Task statement: Begin at the line with "Gummy Bears made from Gelatin" and write out every line after it, exactly, through the last line below, adding nothing.

Recorded data:
#####
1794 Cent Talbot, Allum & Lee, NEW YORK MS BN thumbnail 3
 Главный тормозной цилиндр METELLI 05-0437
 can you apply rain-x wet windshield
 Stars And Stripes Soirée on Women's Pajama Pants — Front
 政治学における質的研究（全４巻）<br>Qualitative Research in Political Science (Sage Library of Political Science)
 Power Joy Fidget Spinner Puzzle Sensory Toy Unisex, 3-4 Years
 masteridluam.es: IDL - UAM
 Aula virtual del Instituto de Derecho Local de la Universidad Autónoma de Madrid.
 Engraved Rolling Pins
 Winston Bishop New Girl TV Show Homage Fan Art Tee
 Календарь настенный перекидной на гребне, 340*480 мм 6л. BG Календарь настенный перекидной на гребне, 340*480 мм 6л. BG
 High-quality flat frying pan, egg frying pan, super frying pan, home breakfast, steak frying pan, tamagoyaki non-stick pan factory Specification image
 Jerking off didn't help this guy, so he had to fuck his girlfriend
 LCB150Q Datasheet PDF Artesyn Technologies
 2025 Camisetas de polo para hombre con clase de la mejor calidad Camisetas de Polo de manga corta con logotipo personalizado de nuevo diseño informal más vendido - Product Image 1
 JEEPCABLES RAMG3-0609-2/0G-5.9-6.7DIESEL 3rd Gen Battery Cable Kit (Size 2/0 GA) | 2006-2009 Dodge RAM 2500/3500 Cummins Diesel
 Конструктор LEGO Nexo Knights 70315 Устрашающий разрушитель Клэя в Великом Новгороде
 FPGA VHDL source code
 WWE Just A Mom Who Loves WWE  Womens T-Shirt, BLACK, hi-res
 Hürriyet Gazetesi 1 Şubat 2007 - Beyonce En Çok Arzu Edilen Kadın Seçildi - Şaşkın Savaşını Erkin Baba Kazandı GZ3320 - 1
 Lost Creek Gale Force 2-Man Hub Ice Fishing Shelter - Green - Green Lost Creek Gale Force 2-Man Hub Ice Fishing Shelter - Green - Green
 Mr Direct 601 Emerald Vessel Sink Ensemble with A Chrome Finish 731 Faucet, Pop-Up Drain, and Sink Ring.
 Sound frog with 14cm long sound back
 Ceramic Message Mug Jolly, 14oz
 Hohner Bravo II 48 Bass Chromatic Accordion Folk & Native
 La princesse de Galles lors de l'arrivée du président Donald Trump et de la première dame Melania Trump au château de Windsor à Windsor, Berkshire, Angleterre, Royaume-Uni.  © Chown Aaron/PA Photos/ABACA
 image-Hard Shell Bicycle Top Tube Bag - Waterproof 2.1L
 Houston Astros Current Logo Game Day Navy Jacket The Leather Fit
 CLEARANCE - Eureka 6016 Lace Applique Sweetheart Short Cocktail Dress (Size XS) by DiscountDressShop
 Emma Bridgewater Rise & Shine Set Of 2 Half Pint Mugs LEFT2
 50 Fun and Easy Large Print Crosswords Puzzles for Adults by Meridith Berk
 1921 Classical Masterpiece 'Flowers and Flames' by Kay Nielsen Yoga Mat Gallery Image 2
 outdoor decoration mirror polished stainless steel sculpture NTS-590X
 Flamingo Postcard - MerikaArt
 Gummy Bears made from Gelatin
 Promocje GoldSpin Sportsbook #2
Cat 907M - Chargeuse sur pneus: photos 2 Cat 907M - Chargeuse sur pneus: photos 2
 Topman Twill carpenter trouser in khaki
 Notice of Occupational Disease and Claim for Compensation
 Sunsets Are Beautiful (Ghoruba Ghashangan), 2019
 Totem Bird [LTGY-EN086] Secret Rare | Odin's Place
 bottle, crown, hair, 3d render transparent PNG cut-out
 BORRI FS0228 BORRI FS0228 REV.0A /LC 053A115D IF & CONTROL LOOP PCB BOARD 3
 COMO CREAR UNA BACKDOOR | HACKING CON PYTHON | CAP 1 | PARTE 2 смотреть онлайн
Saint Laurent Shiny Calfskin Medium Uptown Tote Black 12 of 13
#####
Solved exercise:
 Gummy Bears made from Gelatin
 Promocje GoldSpin Sportsbook #2
Cat 907M - Chargeuse sur pneus: photos 2 Cat 907M - Chargeuse sur pneus: photos 2
 Topman Twill carpenter trouser in khaki
 Notice of Occupational Disease and Claim for Compensation
 Sunsets Are Beautiful (Ghoruba Ghashangan), 2019
 Totem Bird [LTGY-EN086] Secret Rare | Odin's Place
 bottle, crown, hair, 3d render transparent PNG cut-out
 BORRI FS0228 BORRI FS0228 REV.0A /LC 053A115D IF & CONTROL LOOP PCB BOARD 3
 COMO CREAR UNA BACKDOOR | HACKING CON PYTHON | CAP 1 | PARTE 2 смотреть онлайн
Saint Laurent Shiny Calfskin Medium Uptown Tote Black 12 of 13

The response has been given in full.